## Prompt
Take the listing below and output it exactly, with no images.

## Records for this task
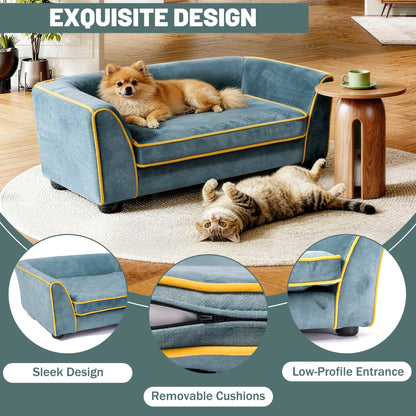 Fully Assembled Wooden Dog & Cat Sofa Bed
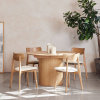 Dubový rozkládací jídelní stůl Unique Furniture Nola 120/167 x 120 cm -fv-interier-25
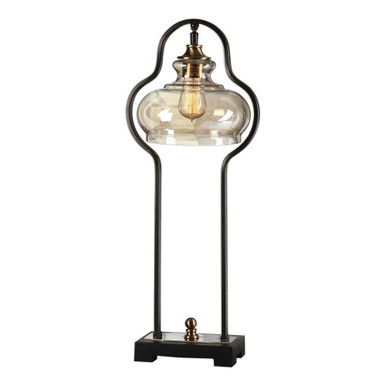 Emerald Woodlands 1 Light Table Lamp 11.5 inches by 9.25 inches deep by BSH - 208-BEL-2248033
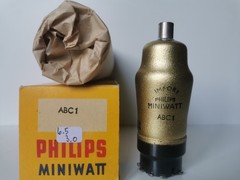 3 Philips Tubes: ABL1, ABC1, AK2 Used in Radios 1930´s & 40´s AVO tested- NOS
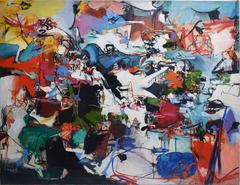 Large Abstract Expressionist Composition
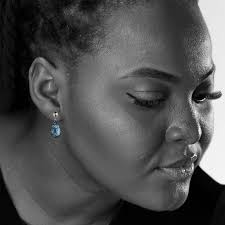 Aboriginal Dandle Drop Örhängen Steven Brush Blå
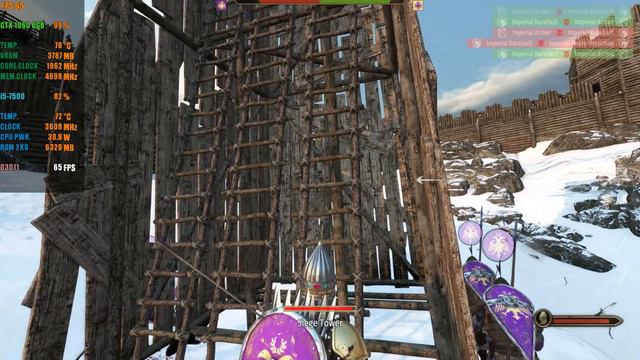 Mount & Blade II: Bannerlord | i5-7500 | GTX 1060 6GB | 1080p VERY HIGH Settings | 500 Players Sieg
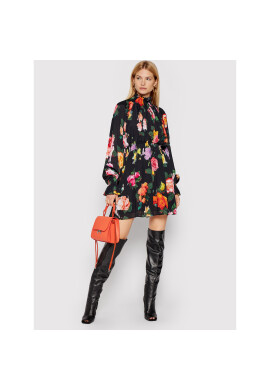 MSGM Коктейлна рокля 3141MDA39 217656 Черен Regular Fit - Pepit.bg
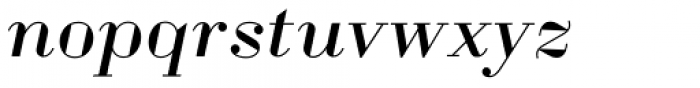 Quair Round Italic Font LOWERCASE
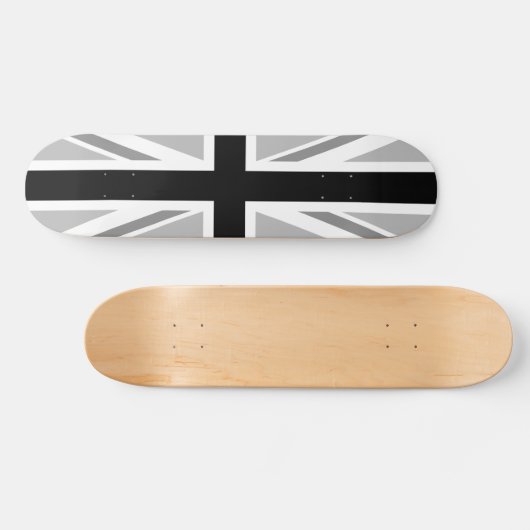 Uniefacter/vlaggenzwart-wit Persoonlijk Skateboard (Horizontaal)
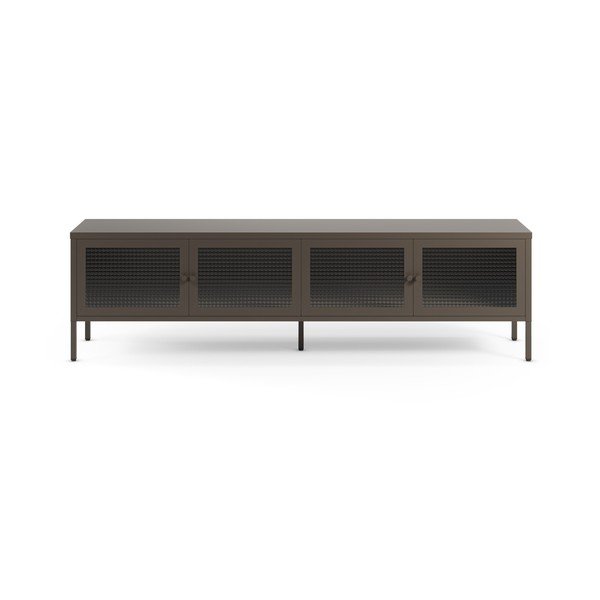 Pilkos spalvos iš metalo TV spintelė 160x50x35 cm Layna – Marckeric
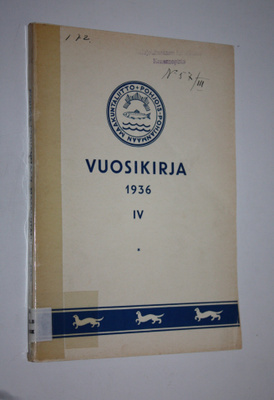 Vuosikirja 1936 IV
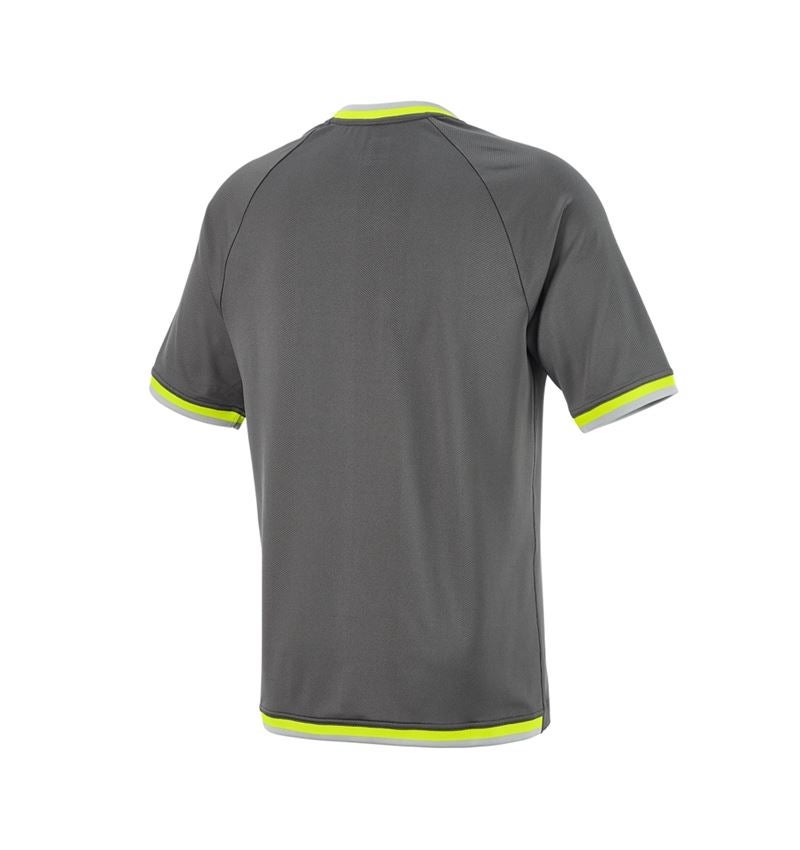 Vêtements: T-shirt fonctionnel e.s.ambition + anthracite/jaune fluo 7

## Answer area
 Fully Assembled Wooden Dog & Cat Sofa Bed
 Dubový rozkládací jídelní stůl Unique Furniture Nola 120/167 x 120 cm -fv-interier-25
 Emerald Woodlands 1 Light Table Lamp 11.5 inches by 9.25 inches deep by BSH - 208-BEL-2248033
 3 Philips Tubes: ABL1, ABC1, AK2 Used in Radios 1930´s & 40´s AVO tested- NOS
 Large Abstract Expressionist Composition
 Aboriginal Dandle Drop Örhängen Steven Brush Blå
 Mount & Blade II: Bannerlord | i5-7500 | GTX 1060 6GB | 1080p VERY HIGH Settings | 500 Players Sieg
 MSGM Коктейлна рокля 3141MDA39 217656 Черен Regular Fit - Pepit.bg
 Quair Round Italic Font LOWERCASE
 Uniefacter/vlaggenzwart-wit Persoonlijk Skateboard (Horizontaal)
 Pilkos spalvos iš metalo TV spintelė 160x50x35 cm Layna – Marckeric
 Vuosikirja 1936 IV
 Vêtements: T-shirt fonctionnel e.s.ambition + anthracite/jaune fluo 7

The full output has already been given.